Just a warning out there - if you are offered a contract by NCP, don't touch it. I signed with them for a single book in 2006. Book was issued in 2007, sales have never been good. I asked for reversion of rights in 2011/2012, but they offered a new cover - which I agreed to. I did not, however, agree to a new title, which is what they also tweaked. I then asked for reversion of rights a couple of times in 2014 and last year. This Friday, I received a couple of incredibly rude and condescending letters from Madris de Pasture, the CEO (and one of the main writers, I believe), and eventually, the rights revert to me in 60 days. Yay. Will revise, edit and republish under the original name with a new cover and my own blurb. My favourite part of the exchange with Madris was this:
The letter WAS your reversion letter and it's all you'll get. You're exactly the type of author I was referring to--someone who believes a publisher with a 'viable brand and platform' can make the public buy something they don't want.
The 'insulting and condescending' tone was one last stab at explaining to authors that the story they'd written didn't reflect anyone's lack of abilities or creativity but rather a bad choice of story line--if you refuse to learn from mistakes you'll never make it as a professional author.
The 'dressing up' refers to the packaging--and yes we did make a second try to promote/market the book and it was no more effective, so it was a waste of our time and an expense we could have spared ourselves and should have given your attitude and the fact that the book tanked and never made back the initial investment.

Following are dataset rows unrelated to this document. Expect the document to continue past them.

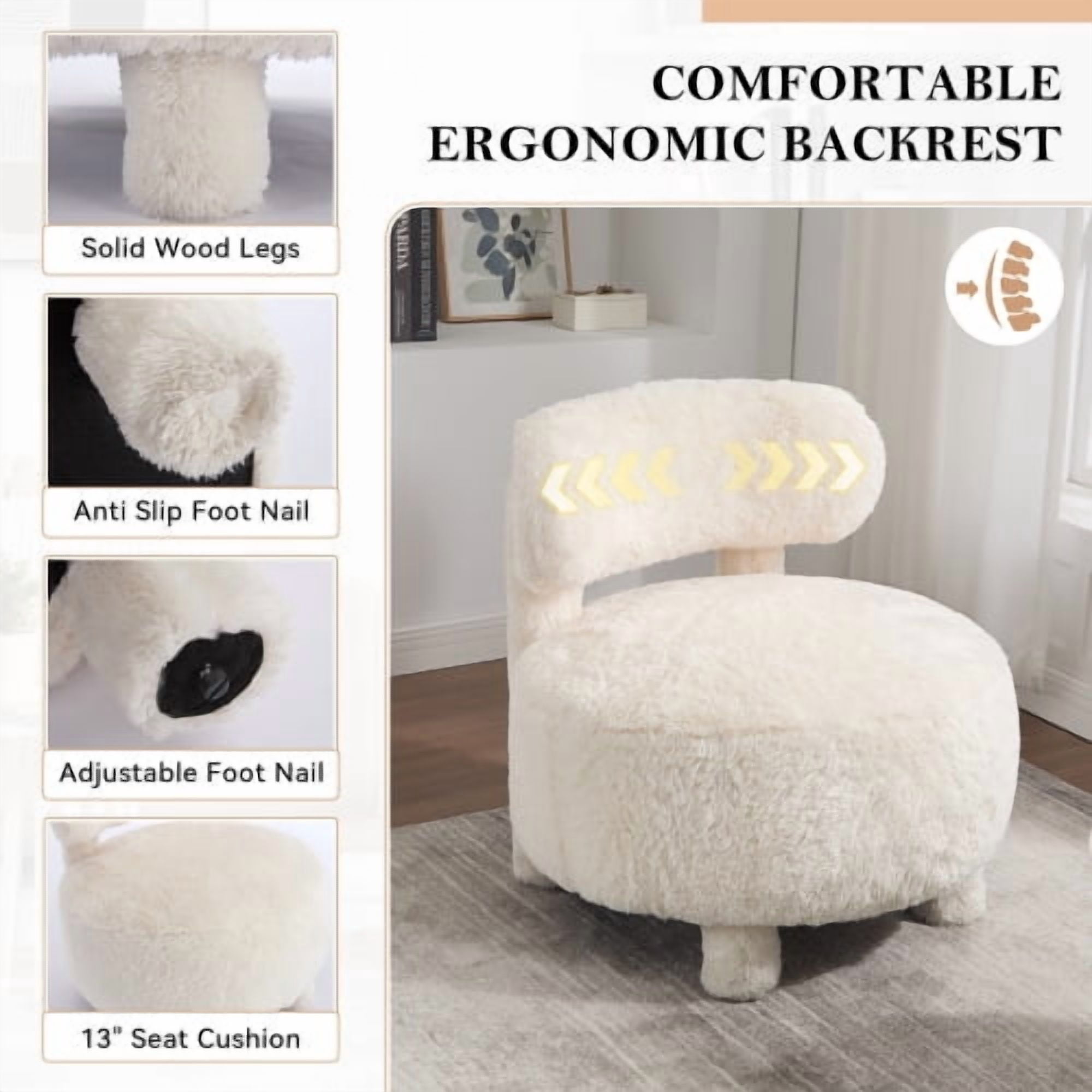 MOONMISS Accent Chair With Curved Backrest And Solid Wood Legs Upholstered Chair Slipper Side Chair For Primary Living Space Bedroom Vanity Room Or Reading Room ,White-Fur
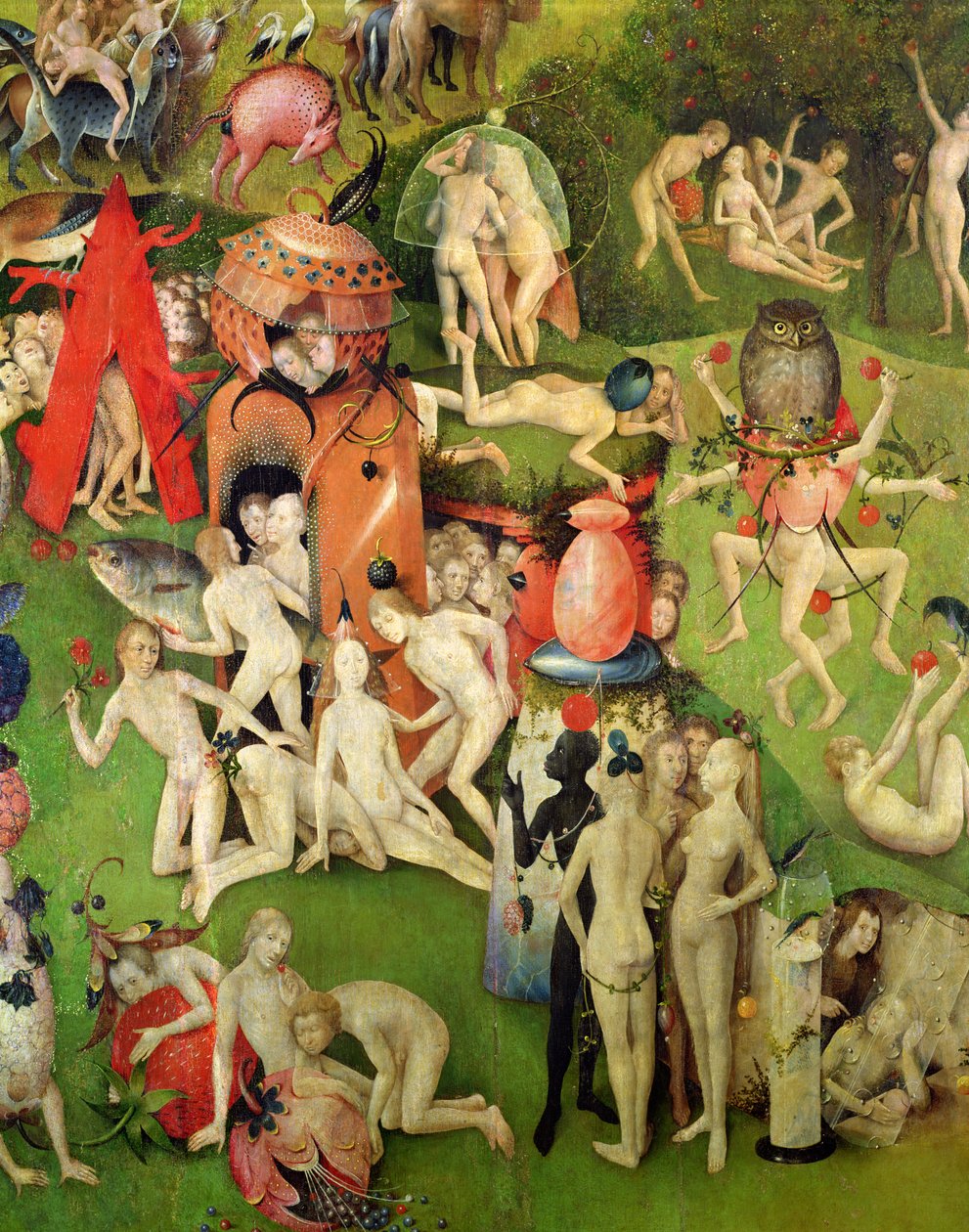 The Garden of Earthly Delights: Allegory of Luxury, centralt panel af triptykon, ca. 1500 (detaljer) af Hieronymus Bosch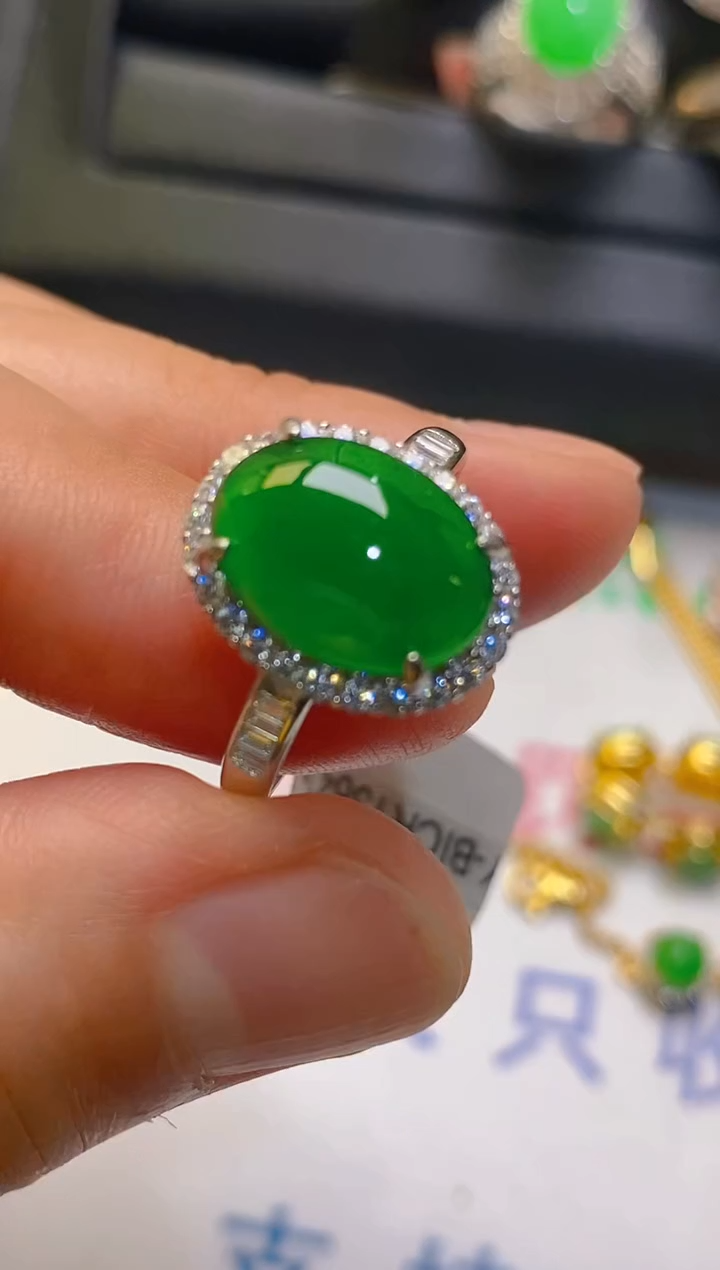 【闪购商品】翡翠耳饰银S925镶嵌天然A货翡翠1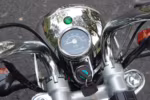 Motorcycle speedometer and ignition with chrome finish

Books that sell--sell, even with ugly covers--and that was the ONLY point I was trying to make. Your book was available pretty much everywhere books are sold and it underperformed most of the books we have. I'm going to be amazed if you take it to a 'better' publisher and they make any money BECAUSE THEY WILL BE USING THE EXACT SAME DISTRIBUTION NETWORK as we have used.
Best of luck! And when it makes the bestseller list and makes you and your new publisher money, be sure to brag to me. I'd love to see if anyone else can sell it and how they did it. It might help in the future. I do believe in trying to learn from my mistakes.
What makes me laugh is that last Oct, an agent from Blake Friedman offered to represent me and I also sold a YA trilogy to a publisher, first volume coming out this April.
So in sum, my experience with NCP: no editorial support, no marketing support, no real information. They knew that I used a pen name, that was all in the contract - and they made out all the royalty cheques that I was paid in my writing name, not my actual name, so nothing could be cashed. All returned, but no new cheques ever cut. I didn't make a fuss because the sums were so pitiful. However, what I really love about this letter is that it is clearly all my fault, stoopid writer that I am, for writing a rubbish book...not hers for offering a contract for this dreadfully bad story....
Funnily enough, I haven't heard back from her. One to avoid.